Thursday, January 01, 2004

more conlang discoveries

Turns out that one of the things that I still didn't find at my parents house was my original chart of the Stofonian alphabet. I seem to recall last seeing it with a map of Knarr that is also missing. All I could find was a computerized version that I made circa 1992. Unfortunately, the actual text file is long gone, and all that remained was a printout. The text file used characters from the OEM character set, and the printer seriously failed to render these properly (see? I've managed to work Unicode into this already... if we'd've had Unicode support back then this wouldn't've happened...) Combine this with the fact that the characters didn't look all that much like the Stofonian alphabet anyway, and I essentially had to go digging through the archives for actual Stofonian writing, and make guesses about the letters for which I couldn't examples.

Looking at all three alphabets (Stofonian, Elosian, Knarrian) the following become obvious:
  • The Knarrian alphabet is almost a superset of the Elosian. It has often been said that the Knarrian alphabet was created by adding letters to the Elosian to make it easier to use. With the Elosian alphabet, distinctions between voiced and voiceless consonants and also between several important vowels must be inferred from context (this may indicate that some historic phase of the Elosian language actually lacked semantic distinctions between voiced and unvoiced sounds, but there is no concrete lingustic evidence for that). This makes it almost useless for any language other than Elosian. It would be natural for someone adopting it to want to add new letters or diacritical marks or something to make these differences explicit (even the Elosians sometimes forced the "context" by adding in tiny letters that were not to be pronounced but only affect the pronunciation of the surrounding letters). However, if this was the case with Knarrian then the additions were done in a completely haphazard and illogical manner, showing an almost complete ignorance of the very phonetic concepts on which any use of the Elosian system would've been based. The creation of the new letters is usually attributed to the great sage Knarrknoxx, but no educated man would've done it the way he allegedly did.

    A possible explanation is that both the Knarrian and classical/modern Elosian alphabets descend from a common ancestor, which contained letters for all spoken sounds in some early Elosian dialect. By imperial times, many of these letters fell into disuse because readers had learned to infer their sounds from context. As a great scholar, Knarrknoxx may have known about these early letters and simply re-introduced them.

  • The Stofonian alphabet is not particularly related to the other two. Certain Stofonians letters appear very similar to certain Elosian latters, but there does not seem to be any logical relationship other than that someone might have borrowed shapes from an alphabet which they couldn't read. The Stofonians either invented the alphabet themselves, or learned it from some culture other than the Elosians. Possibly the the Mayols, whom they succeeded as the rulers of the country now known as Stofonia?

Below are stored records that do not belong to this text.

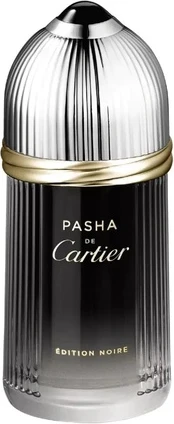 Одеколон Cartier Pasha De Cartier Edition Noire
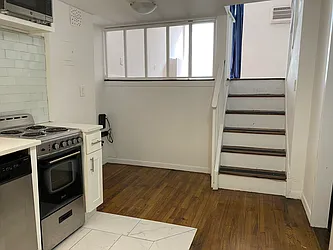 Rented by Mallory Management Corp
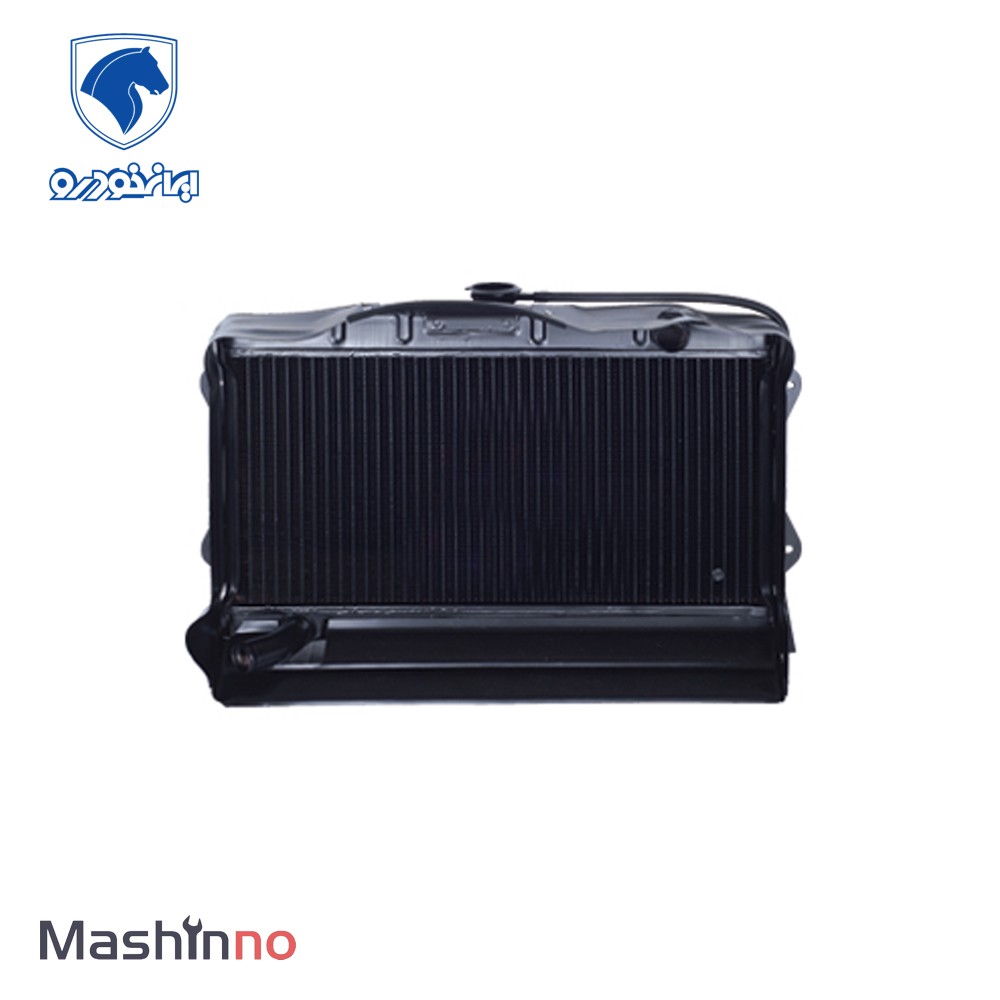 رادیاتور آب پیکان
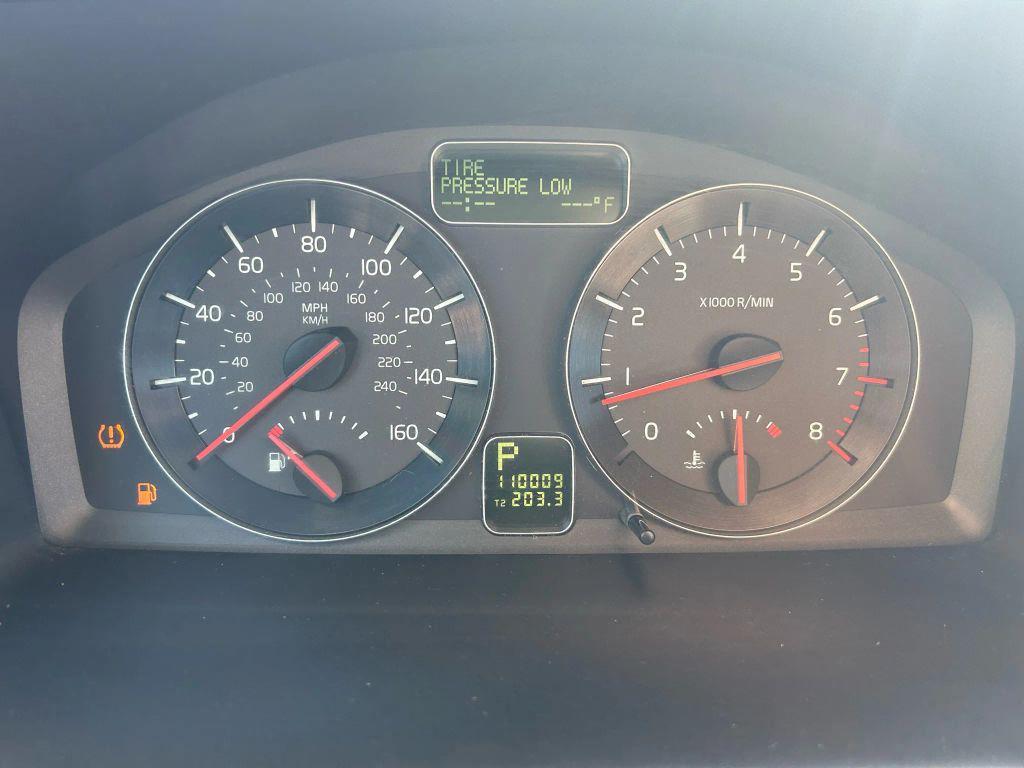 used 2009 Volvo C70 car, priced at $6,875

    But neither the Stofonians nor the Mayols were advanced enough to have invented an alphabet themselves... especially since the order of the letters shows some knowledge of phonetic concepts such as voiced/unvoiced, stops, fricatives, etc. Maybe it came from someplace further afield, such as Foelia or even Gullen? I know it wasn't the Ipsilstanst, since Kulstof says that the Stofonians couldn't decipher Ipsilstanst writing.

    (Although perhaps Ipsilstant is the source of the anomalous shared letters with Elosian. Maybe both the Elosians and the Stofonians arbitrarily assigned letters from the Ipsilstanst alphabet to the sounds of their own language? )


Finally, I've noticed that some of the chronologies use dates from the Knarrian calender, which needs to be added to the list of calendars in the master timeline.